March 2001, Travel + Leisure

Dictator by Design

More than 50 years after Mussolini's fall from power, Italians can't agree on what to do with the monumental buildings he left behind.

Inside the high-ceilinged chambers that were built as Benito Mussolini's personal gymnasium, the marble walls glisten as they did when Il Duce flexed his muscles, lifted weights, and swam in the colonnaded pool. Half a century after the Fascist leader was deposed, all of the oversized doors are still marked with a mammoth M.

“The quality of this space is incredible," says Francesco Dal Co, editor of Italy's leading architectural journal, Casabella. Designed by the Modernist architect Luigi Moretti and completed in 1937, the gym is part of a sprawling sports complex originally called the Foro Mussolini, on the northern bank of the Tiber River, a 15-minute taxi ride from central Rome.

Recently, Dal Co and other design aficionados gathered in the gym for a symposium on the fate of the complex, now officially called the Foro Italico. Its future was thrown into question last summer, when the Italian government proposed selling off the property to private investors. Posters and leaflets that read HANDS OFF THE FORO MUSSOLINI were put up all over Rome by a small neo-Fascist party, Social Movement for the Tricolor Flag. Preservationists such as architectural historian Giorgio Muratore, of the University of Rome, also oppose the move. "Next we'll be trying to sell off the Piazza Navona."

Coinciding with the tempest about the Foro's privatization is the controversy surrounding a new design by New York—based architect Richard Meier, who plans to redo one side of an imposing but neglected Mussolini-era square in the capital's center. Italian authorities are also refurbishing a 420-acre complex on the southern edge of Rome, known as the Esposizione Universale di Roma, or EUR, where Mussolini planned a 1942 world's fair celebrating his totalitarian regime.

Most visitors to Rome are drawn to the Colosseum, the Forum, Saint Peter's Basilica. They are usually unaware that much of the city bears the imprint not just of emperors and popes but of Mussolini as well. "In five years," Mussolini proclaimed in 1925, "Rome must appear marvelous to all the people of the world: vast, ordered, as powerful as it was in the time of the first emperor, Augustus."

The Foro Mussolini was one of the dictator's earliest efforts to surpass the architectural glories of his imperial predecessors. Now that enough time has passed for structures like the Foro to need restoration—Mussolini's regime was toppled in 1943, and he was executed two years later—Italians are avidly debating the merits of the designs he favored and whether they should be preserved.

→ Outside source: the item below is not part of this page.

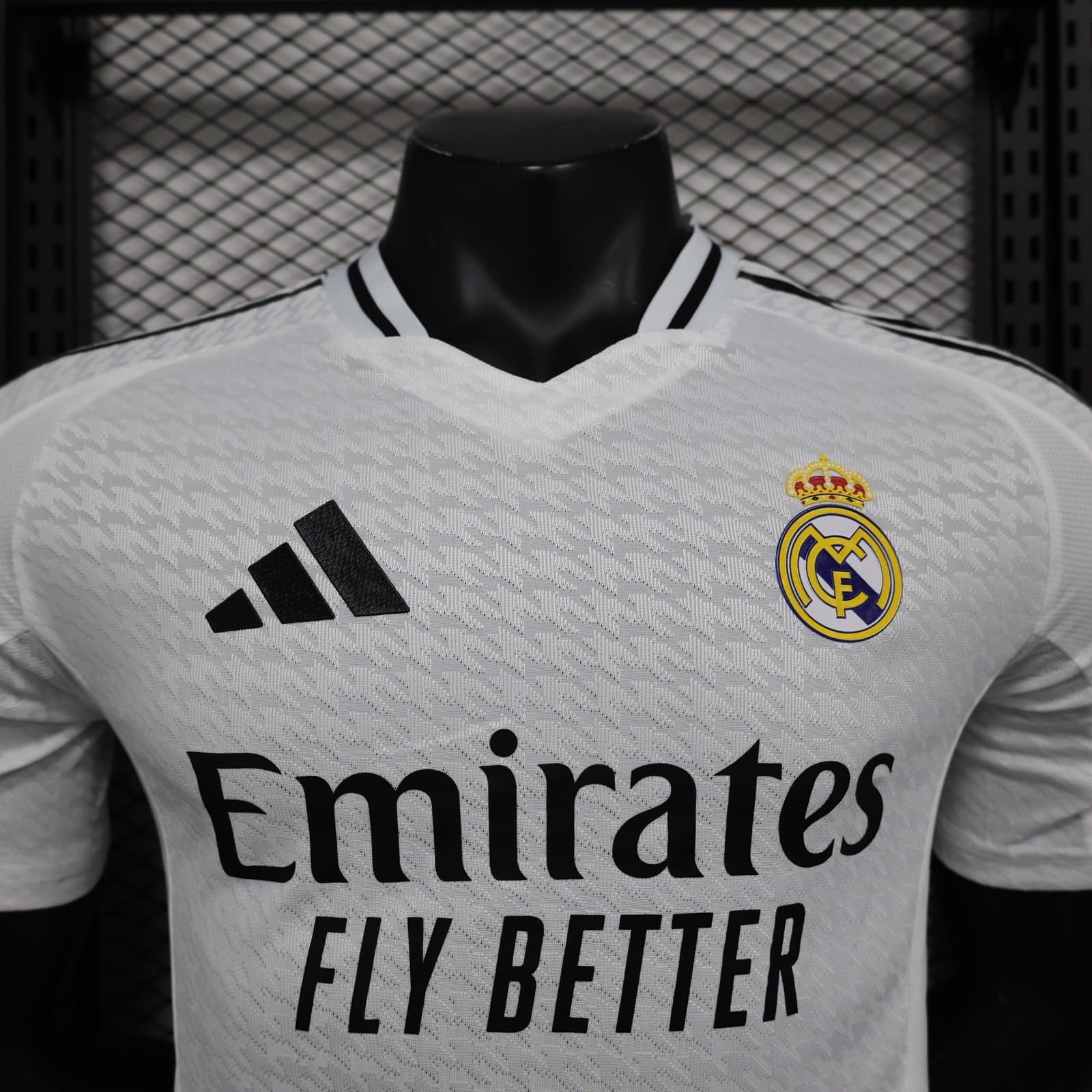 Real Madrid 2024/25 1a Eq. (Ed. Jugador) — vista trasera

"There's a rediscovery of this kind of architecture," says architect Chiara Tonelli, who works for the city of Rome. "Before, anyone who showed appreciation for it would be called a Fascist. Now we no longer have the weight of Fascism on our shoulders. The war is something far away." Leading foreign architects—including Americans Robert Venturi, Peter Eisenman, and Richard Meier—have long been interested in Italian architecture of the Fascist period. "A lot of it was overpowering and scaleless," says Venturi, "but good things did emerge." In contrast to Nazi Germany and Stalin's Soviet Union, many innovative architectural works were built in Fascist Italy.

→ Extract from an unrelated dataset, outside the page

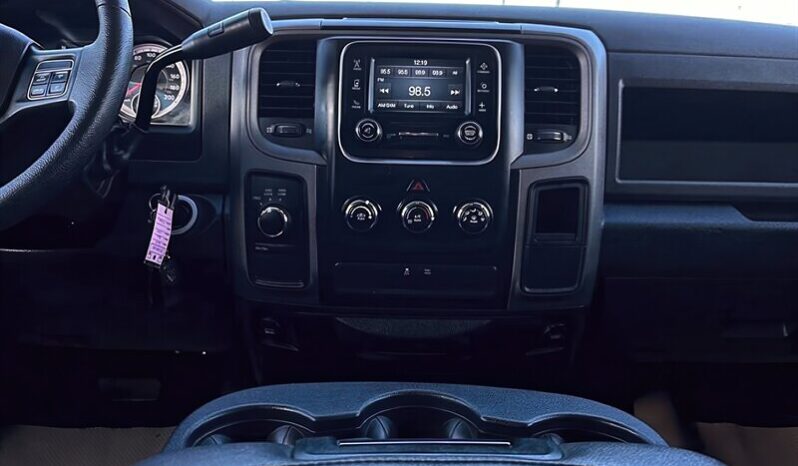
								2019 Ram 1500 Tradesman Crew Cab 4×4 5.7L Hemi full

The Foro aimed to give Italians hard bodies and at the same time strengthen the body politic. It was a Blackshirt playground, home to the Fascist Academy of Physical Education. By 1936, when Mussolini conquered Ethiopia and declared a new Roman empire, the academy's emphasis on fitness had come to imply battle-readiness. In 1938 he staged an operatic spectacle for Adolf Hitler at the Foro's stadium, with torch-bearing youths forming a huge swastika and the words Heil Hitler in flickering flames. Mussolini's bid to build on the model of ancient architecture so impressed the Führer that he told his host he had witnessed "the Roman state resurrected from remote tradition to new life."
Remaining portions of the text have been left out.